Thanks for nothing, Evanescence.

As I was driving to work the other morning, iPod Touch hooked up to the cassette deck and wee baby asleep in the back, I found myself enjoying a nice mix of light tunes with which to lull Nora and keep her soundly sleeping. Suddenly, a track by Evanescence blared on (no, it does NOT matter which one, they are all loud)at about 800 decibels higher than the previous songs. What’s with your modulation, Amy Lee?

Yes, this IS a sign that I’m getting old: ire towards goth-lite bands.

And then it hit me, I was more concerned about the volume of an embarrassing song than the actual playing of an embarrassing song. Maybe being dangerously close to the end of my late twenties (ahem- four more months) is freeing me up to admit that I love bad songs!

Don’t get me wrong, I have a great, obsessive love for many exceptional artists and bands (Etta James, Lyle Lovett, B.B. King, et. al): I collect them on vinyl, see them in overpriced arenas and dissect their lyrics with reverence. But for every James Taylor there is a Kip Winger. For every “She’s no lady/ she’s my wife” there’s a “(Baby)/ Don’t forget my number.”

And I love them all. All of them.

I will now come out of the soundproof closet and admit that I love Michael Bolton. Love might be too flimsy a term for the feelings I have whenever Michael Bolton hits a key change. His song Said I Loved You (But I lied)- amazing. (‘Cause this is more than love I feel inside.) I KNOW!
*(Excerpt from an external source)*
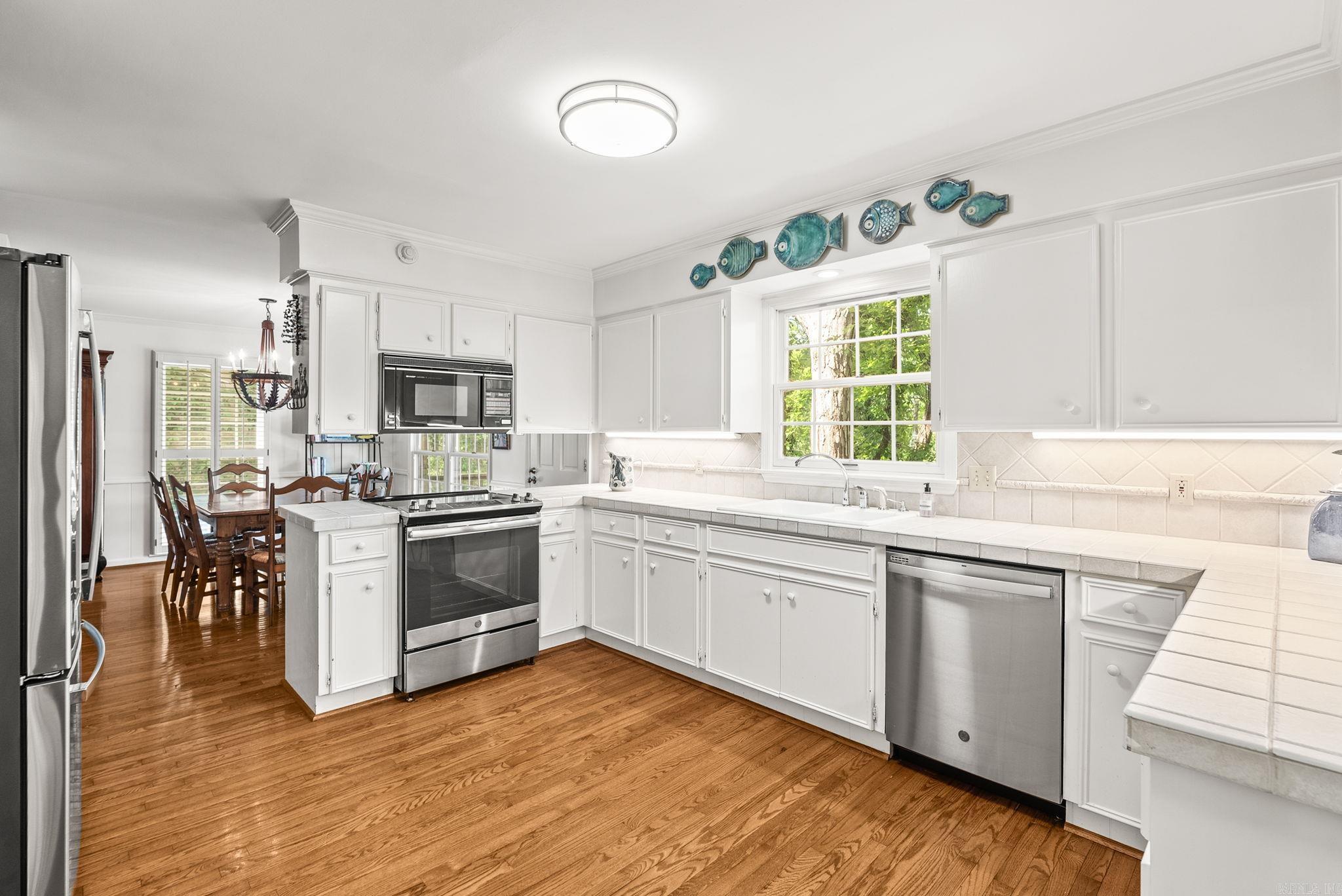 20 Foxhunt Trail  Little Rock, AR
I’ve spent too many years turning the volume down in paper-thin studio apartments every time Savage Garden or Rob Zombie pops up on iTunes. No longer! Is it MY fault that bad music (read- terminally unhip) is clearly the most singalongable? Okay, maybe not so much Rob Zombie, but he IS fun to clean to.

And to clarify- by “bad” music, I mean music that was once hugely popular by a demographic with which you yourself would never in a million years identify. And that was a million years ago. Rendering it…prehistorically “bad.”

But if it’s so “bad,” why does Warrant still make me cry? Why does Def Leppard’s “Gods Of War” make me wanna wave a flag? And why won’t P.J. sing either part of the Aaron Neville/Linda Ronstandt duets with me? (Okay, that last one doesn’t really help my case, but still. Why?)

It’s not such a stance to play the newest Lady Gaga track at full blast. But it does take a certain type of person to proclaim your preference for Van Hagar over Van Halen. Or, in the case of the Guthries, Arlo over Woody.

Yes, I said it. I prefer Arlo Guthrie.

And, for the first time in my life, I feel no shame.